Temat: Fałszowanie historii w podręczniku

Panie Michale

Bitwa warszawska rozstrzygneła o losach Polski i pewnie Bałtów. Niemcy spokojnie sobie by poradzili z armia czerwoną a alianci musieliby zawrzeć z Niemcami pokój. Dla Europy zachodniej znaczenie bitwy warszawskej ogranicza się jedynie do relacji aliantów z Niemcami i warunków jakie im by narzucono. Tyle. Oczywiscie lubimy sluchac bvajeczki jka uratowalismy swiat, ale uratowalismy tylko siebie.
Polskie panstwo podziemne nie odegralo wiekszej roli w historii drugiej wojny. To byla ciekawa struktura tyle ze drugorzedna dla losow wojny.
Pierwszorzedne to te ktore decydowaly o losach wojny - niemeicka ofensywa na zachodzie, bitwa o Anglie, plan Barbarossa, wojna USA z Japonia, Staliningrad i Kursk
Michał B.

Michał B. BZ WBK S.A w
Lublinie

Temat: Fałszowanie historii w podręczniku

Bitwa Warszawska- Konarmia przeszła by spokojnie przez Niemcy, które były ogarnięte w chaosie. Jakoś dziwnie się składało, że to właśnie sypatyzujący z Sowietami robotnicy niemieccy nie przepuszczali transportów broni do RP. Rewolucja w Niemczech spotkałby się z przyjęciem.

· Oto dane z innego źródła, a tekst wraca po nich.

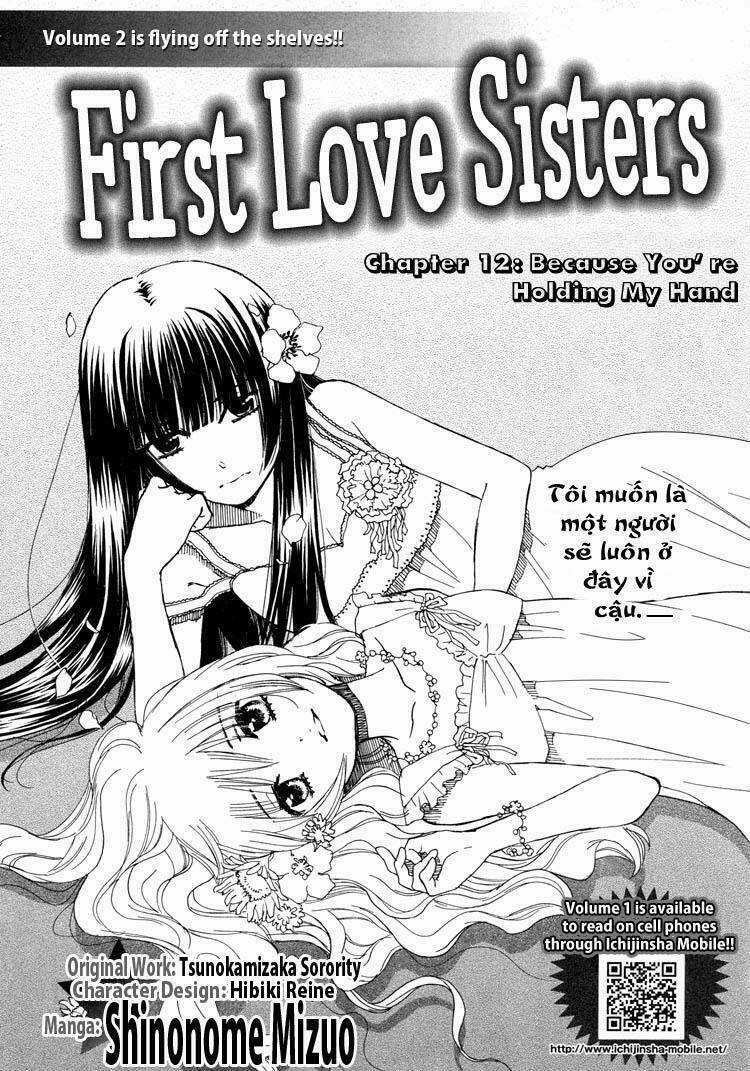 Hatsukoi Shimai ~ First Love Sisters Chapter 12 trang 2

Jasne, nasz okupowany kraj mógł związać cały Wehermacht...
Sądzę, że o wywiadzie AK i NSZ Pan nie słyszał.

konto usunięte

Temat: Fałszowanie historii w podręczniku

...Panie Robercie oczywiście czytał Pan o Róży Luksemburg i spółce?... Republika Weimarska, rewolucja niemiecka, oj przecież to towarzysze ...oj po pierwszej wojnie światowej oni tam w Niemczech ciepło przyjęliby Armię Czerwoną...

konto usunięte

Temat: Fałszowanie historii w podręczniku

Zachód zawsze darzył Rosję sympatią: myśliciele, astyści, pisarze, politycy. Ale nigdy nie poznano na Zachodzie tak naprawdę Rosjan, nikt tam nie miał do czynienia z polityką wynaradawiania taką,jaka była prowadzona w Królestwie Polskim, nikt nie widział ani Armii Czerwonej, ani wprowadzania socjalizmu-komunizmu na bagnetach...
A przecież Armia Czerwona miała na bagnetach zanieśc płomień rewolucji na Zachód aż po sam Paryż...

konto usunięte

Temat: Fałszowanie historii w podręczniku

Michał B.:
Bitwa Warszawska- Konarmia przeszła by spokojnie przez Niemcy, które były ogarnięte w chaosie. Jakoś dziwnie się składało, że to właśnie sypatyzujący z Sowietami robotnicy niemieccy nie przepuszczali transportów broni do RP. Rewolucja w Niemczech spotkałby się z przyjęciem.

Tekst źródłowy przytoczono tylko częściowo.